La Commission européenne a récemment dévoilé un plan visant à sécuriser les approvisionnements en matériaux stratégiques, dans un contexte où la Chine contrôle une large part de ces ressources mondiales. Cette initiative européenne a ravivé le débat sur la question minière en Bretagne, une région dont le sous-sol est réputé receler des minéraux convoités. Valérie Tabart, du groupe 'Breizh a-gleiz', a interpellé le président sur l'octroi récent de trois permis exclusifs de recherche minière (PERM) en Ille-et-Vilaine et dans le Morbihan, portant les noms de divinités celtiques : Epona, Taranis et Bélénos.
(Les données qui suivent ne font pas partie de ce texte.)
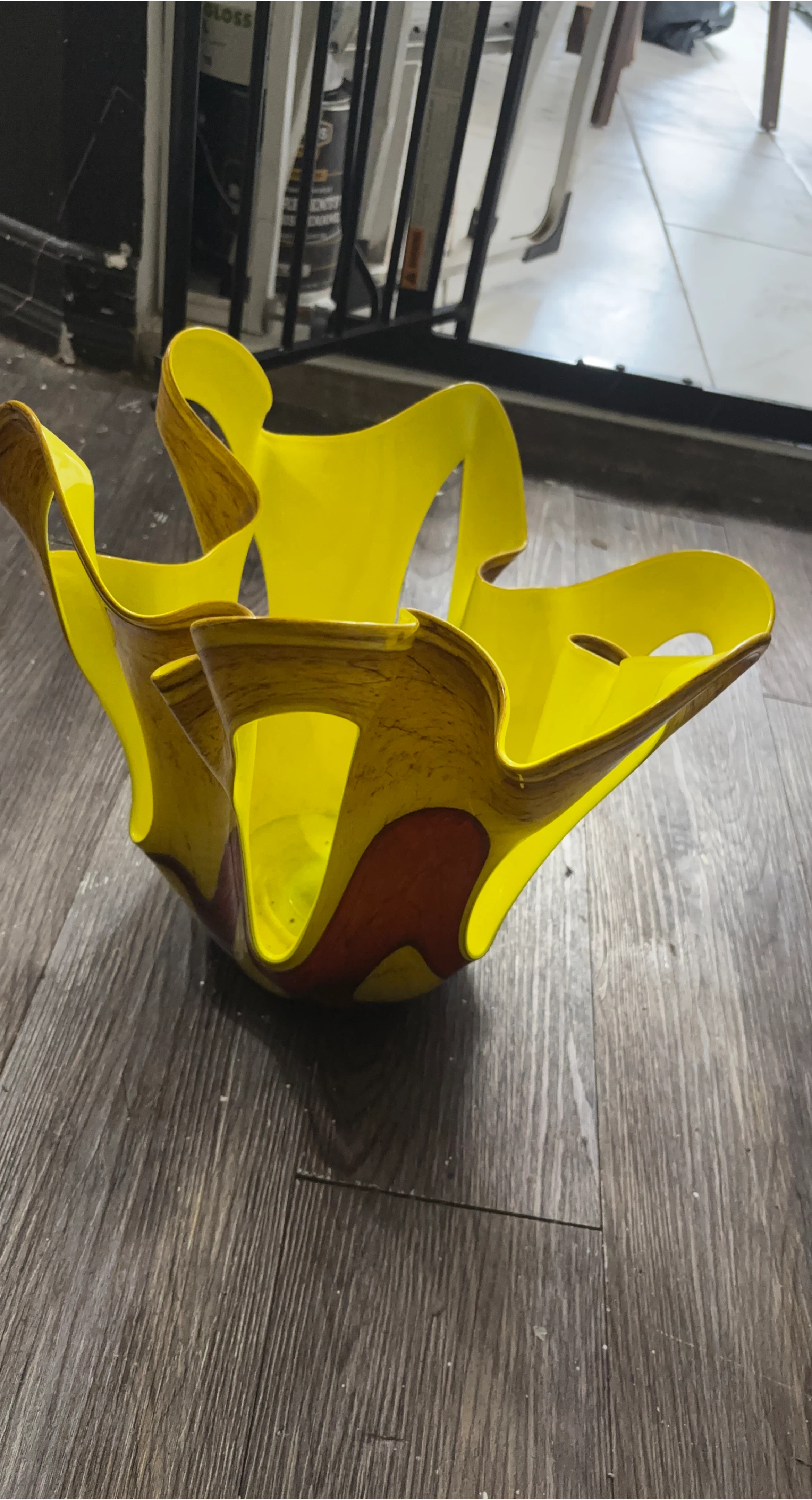 Yellow Art Glass Bowl thumbnail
Les habitants, élus et acteurs socioprofessionnels des territoires concernés sont inquiets des 'impacts délétères sur l'eau, l'air et les ressources' de ces projets. V. Tabart a rappelé le passé minier de la Bretagne et les préoccupations environnementales liées à l'extractivisme (voracité en eau et énergie, résidus toxiques, risque radioactif). Elle a souligné que, si la région a déjà voté contre l'extension de mines dans des zones protégées, la problématique va au-delà, avec une dépendance quasi-totale de l'Europe en métaux essentiels pour la transition énergétique, un enjeu de souveraineté économique pour la Bretagne.
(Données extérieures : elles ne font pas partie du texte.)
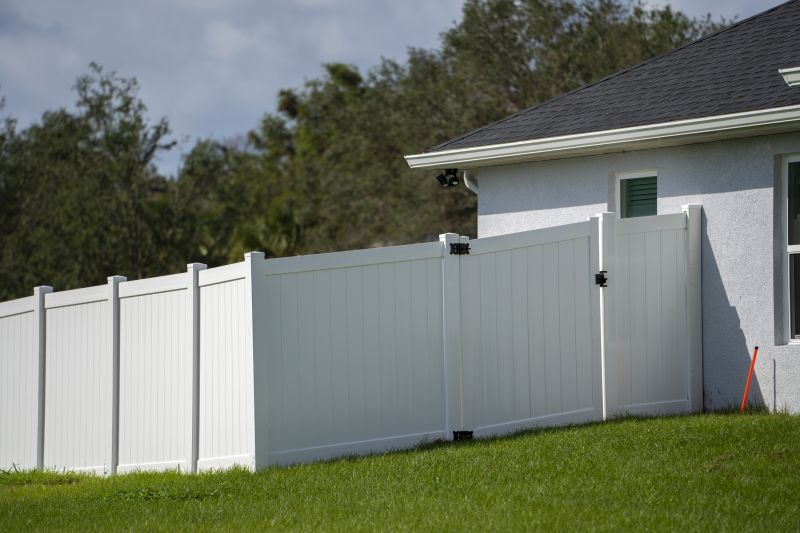 Vinyl Fence Replacement in Grand Rapids, MI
La conseillère régionale a insisté sur la nécessité de concilier 'réindustrialisation de l'Europe et exigence de soutenabilité', plaidant pour une trajectoire de sobriété et de développement du recyclage. Elle a demandé au président si la question minière serait inscrite dans la révision du Schéma Régional d'Aménagement, de Développement Durable et d'Égalité des Territoires (SRADDET) et si un large débat public serait engagé au Conseil régional de Bretagne sur ce sujet.
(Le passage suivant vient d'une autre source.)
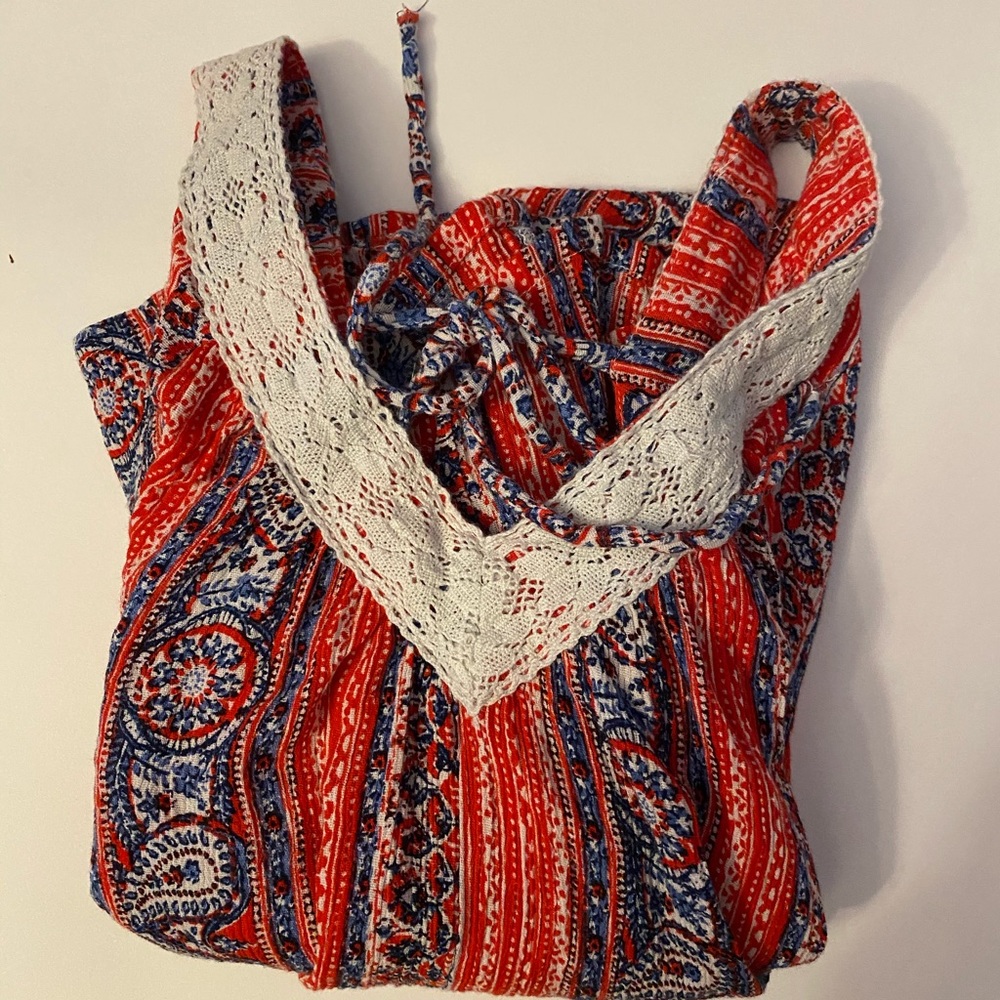 Hollister Flowy Top Size S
Ronan Pichon, vice-président en charge de l'environnement, a reconnu le dilemme entre l'affranchissement des dépendances et le respect de l'environnement. Il a rappelé l'engagement de la Région à 'bâtir un modèle économique et sociétal qui respecte les limites planétaires' et a refusé 'l'illusion d'une extraction minière propre'. Il a souligné la priorité de réduire les déchets, d'encourager le réemploi et de développer l'économie circulaire. Bien que la compétence de délivrance des permis miniers relève de l'État, la Région 'ne soutiendra aucun projet incompatible avec des objectifs de protection du vivant et de reconquête de la qualité de l'eau', une priorité également affichée lors des discussions sur la crise agricole et alimentaire en Bretagne. Il a également précisé que la question minière sera intégrée dans la révision du SRADDET à l'occasion d'un débat démocratique, tout en notant que les décisions de l'État impactent souvent les territoires, comme on le voit avec l'évolution de la science de la mer ou l'aménagement foncier. Le président Loïg Chesnais-Girard a ajouté qu'il était important de regarder aussi le sujet des matériaux de construction comme le gravier et le sable, dans un climat d'incertitude nationale pesant sur les budgets locaux.